NMC has performed creditably- Acquah-Hayford

Ho, Dec. 3, GNA- A former Chairman of the National Media Commission (NMC), Mr Tim Acquah-Hayford, on Wednesday said the Commission had performed its constitutional mandate creditably in the past 10 years despite the challenges it had to surmount.

"There have been instances of shortfalls not due to its inactivity", he said.

Mr Acquah- Hayford was speaking on the topic, "ten years of the NMC" at a three-day workshop with the theme: "A decade of the NMC- Challenges and prospects for the future" in Ho.

The workshop is being attended by the Parliamentary Committees on Communication and Public Finance, the Women's Caucus in Parliament and representatives from the Council of State, the Ghana Journalists Association, (GJA) some members of the Media Commission and o ther stakeholders.

He observed that sometimes government had tended to look upon the Commission with suspicion and held back on its promises where its expectations had not been met.

Mr Acquah-Hayford noted that over-reliance of the Commission on donors and non-governmental organisations to carry out its projects, though not the best for the independence of the Commission, it had to do so under the circumstances.

He said the Commission needed to build Conventions that would enrich its performance and promote its objectives.

The former Chairman called on the Commission to maintain and enrich its relationship with its partners and revisit its membership on the National Communications Authority (NCA) because it is unlikely that in future, it would be given the powers to control the Authority.

He called on the Commission to set its Media Monitoring Project into operation as the country moves towards the 2004 elections with an appeal to the Friederich Ebert Foundation to support it.

Mr Acquah-Hayford called for an amendment to the Constitution to strengthen the influence of the Complaints Settlement Committee of the Commission to enforce compliance with its decisions.

He called on the National Institutional Renewal Programme (NIRP) to help improve on the physical environment within which the Commission operates with emphasis on office accommodation.

Speaking on the historical perspective of the Commission within the context of its Constitutional development, Mr Yaw Boadu-Ayeboafoh, Editor of the Daily Graphic called for the fusion of the NMC and the National Communication Authority (NCA) into one autonomous body for the NMC to exercise supervisory role over the NCA.

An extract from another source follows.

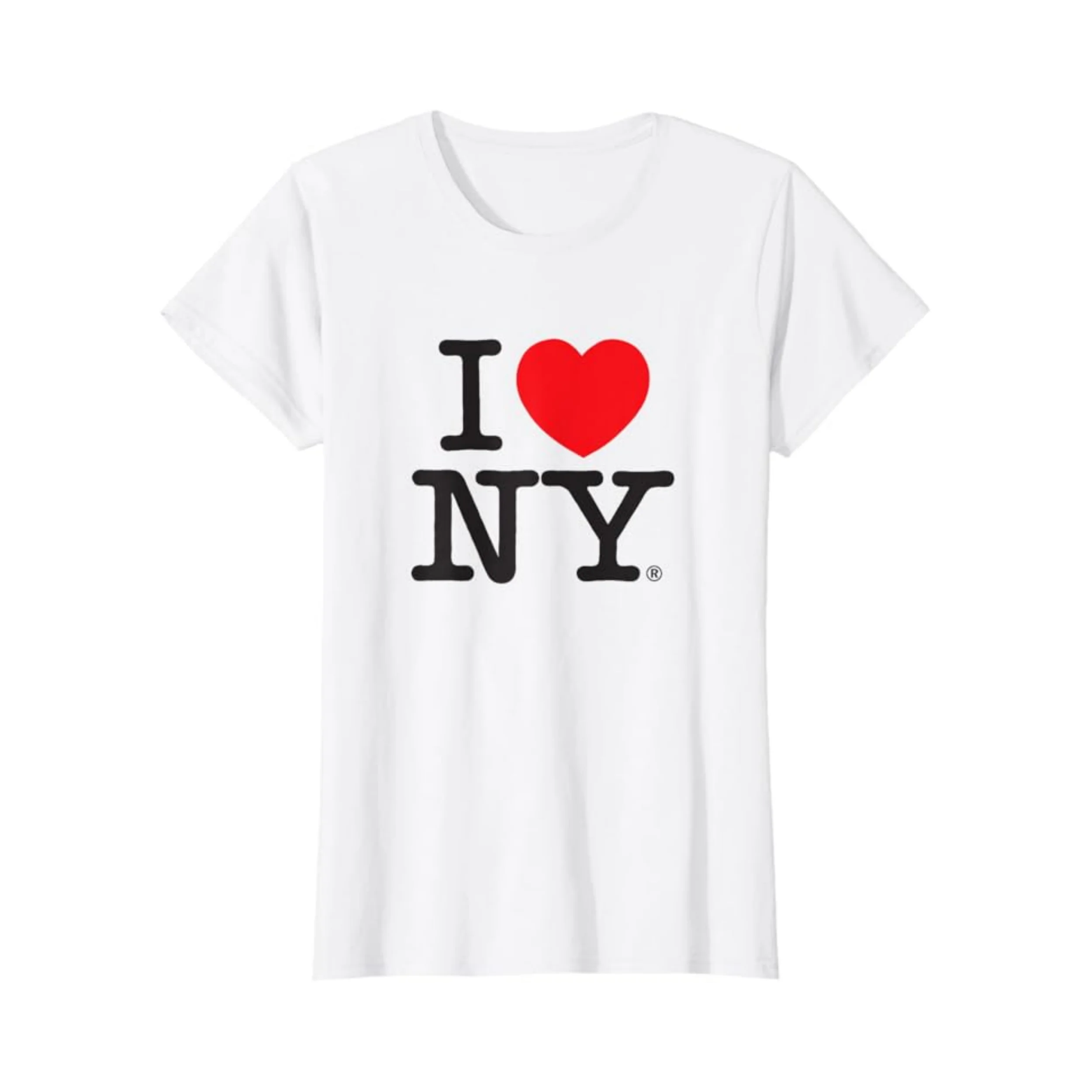 2024 I LOVE NY Classic Logo T-Shirt Back To Women's Crewneck High Quality Fashion Trend New Nice 100% Cotton T-Shirt 01232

He said that relationship is self evident by the fact that the NMC was a creation of the 1992 Constitution while the NCA was established by legislation.

Mr Ayeboafoh explained that when the NCA and NMC operate as on e body it would facilitate the expeditious resolution of disputes related to the airwaves and resolve the dichotomy of split responsibilities now being exercised by the two bodies.

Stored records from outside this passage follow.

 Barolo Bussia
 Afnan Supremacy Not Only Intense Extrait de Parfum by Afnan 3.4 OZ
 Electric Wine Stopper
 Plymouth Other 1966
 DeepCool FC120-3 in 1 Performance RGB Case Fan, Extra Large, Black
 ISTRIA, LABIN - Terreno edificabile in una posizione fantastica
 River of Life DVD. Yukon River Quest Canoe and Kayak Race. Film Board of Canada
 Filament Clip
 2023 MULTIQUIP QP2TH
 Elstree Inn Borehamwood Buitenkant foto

Mr Ayeboafoh, a former Executive Secretary of the Commission said there is the need to remove ambiguities as to whether respondents could decide to appear before the Complaints Committee of the Commission or not.

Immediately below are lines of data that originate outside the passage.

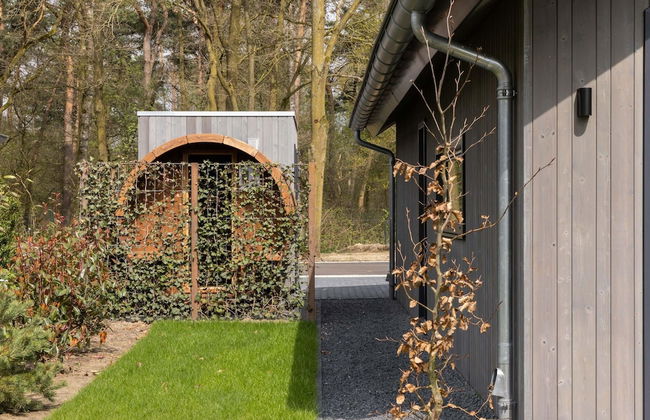 Eco Villa in Latour With Garden Sauna - Foto 13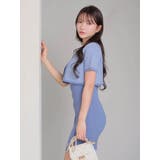 サマーツイードアンサンブルワンピース | LIPSERVICE | 詳細画像43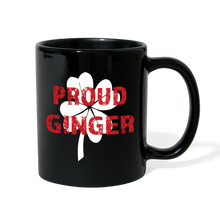 Load image into Gallery viewer, Proud Ginger - Full Color Mug - black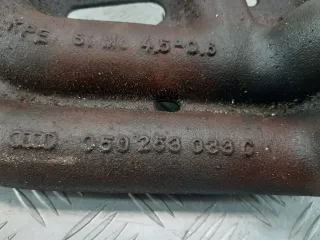 050253033C коллектор выпускной Audi A4 B5 Арт 1106393, вид 4
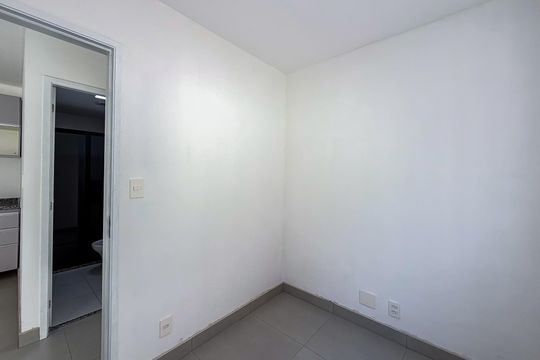 Quarto 1 de apartamento para alugar com 2 quartos, 34m² em Brás, São Paulo
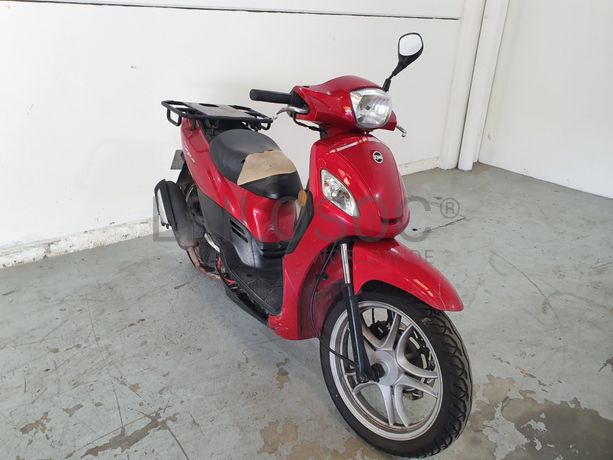 Sym Symphony Cargo 125i · Ano 2018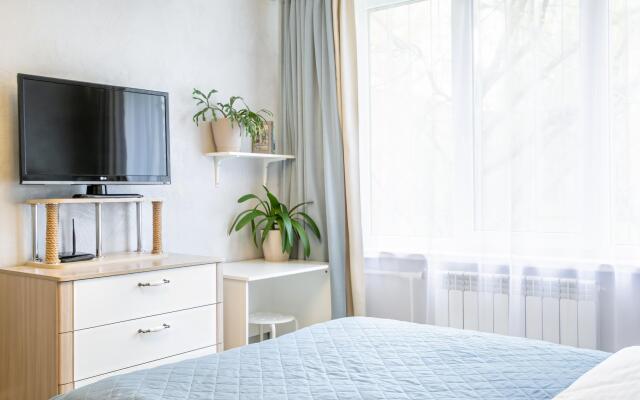 Apartments on Grazhdansky Avenue 75 k4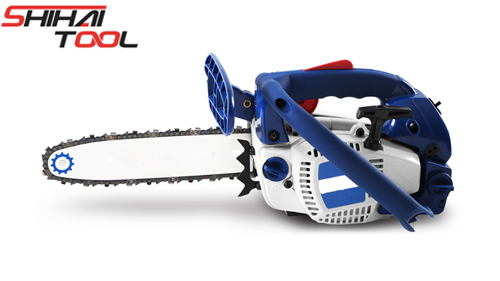 38A Gasoline Chain Saw, Brand Name : SHIHAI TOOL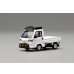 画像4: MOTORHELIX 1/64 Honda Acty Truck Customized Edition Refurbished Version Taffeta White (4)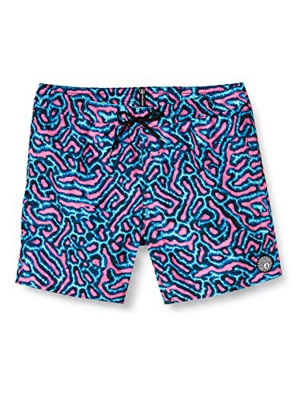 Volcom Coral Morph Trunk 17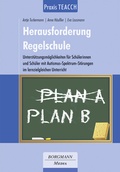 Abbildung von: Praxis TEACCH: Herausforderung Regelschule - Borgmann Media
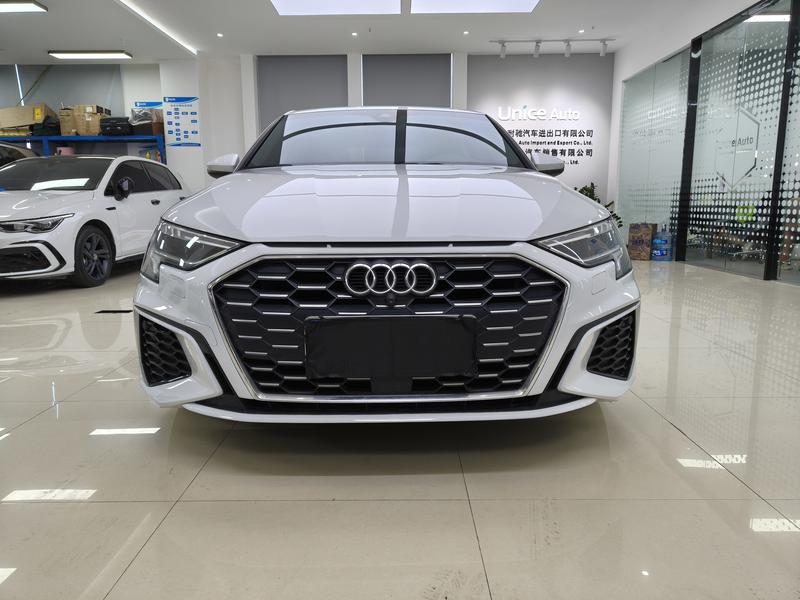 Audi A3, 2021 — фото 2 из 12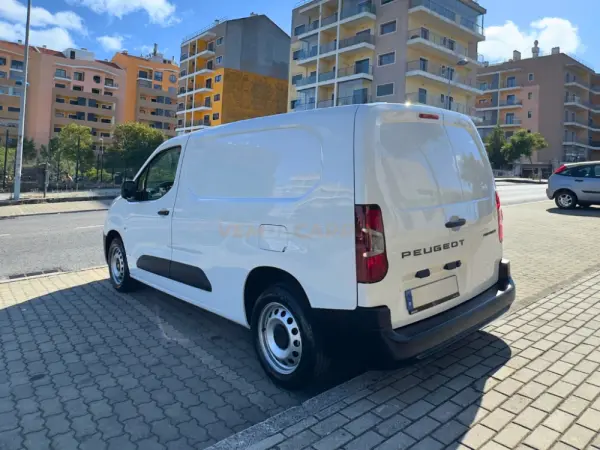 Peugeot Partner 1.5 BlueHDi 100 XL 6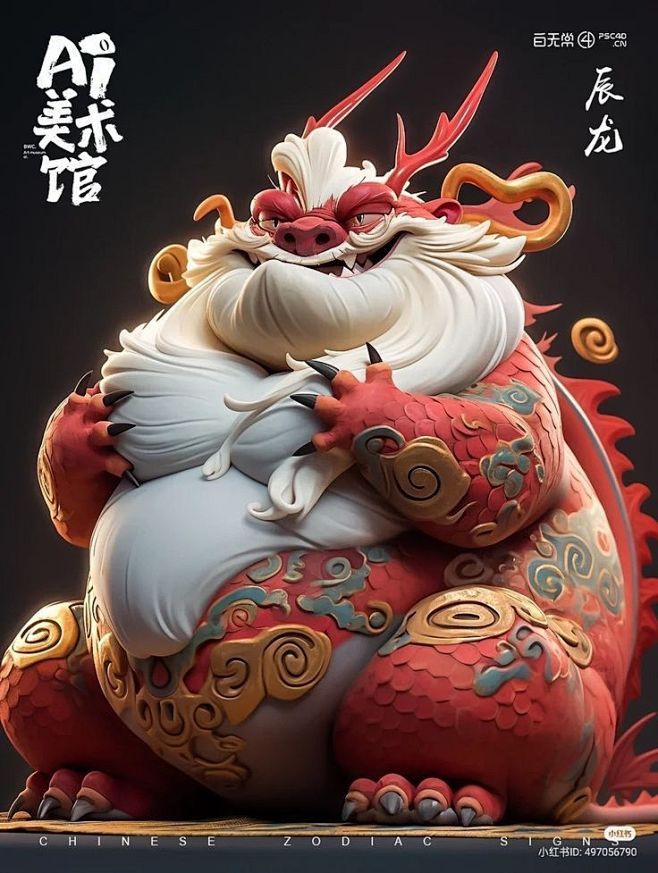 龙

He said it was incumbent on the Complaints Committee of the Commission to be just and dispense meaningful justice for respondents to co-operate with the Commission because of the difficulty of complainants withdrawing their complaints already before the committee.

Mr Ayeboafoh called for a review of section 19 of act 449 which gives the President the privilege to have access to the state owned media "for the purpose of broadcast, announcement or publicity of any matter which appears to the President to be in the public interest".

He explained that the privilege provided an unlimited leeway to the President in election periods, which he could use to gain advantage over his opponents.

In a speech read for him, Togbe Afede XIV, Paramount Chief of the Asogli Traditional Council called for close co-ordination between the NMC and the Ghana Journalists Association (GJA) to get Journalists to be very sensitive to the interests of national security and the rights and freedoms of other persons.

"I am sure that our democracy will be better off and strengthened if journalists in this country will uphold such rules of natural justice", he said.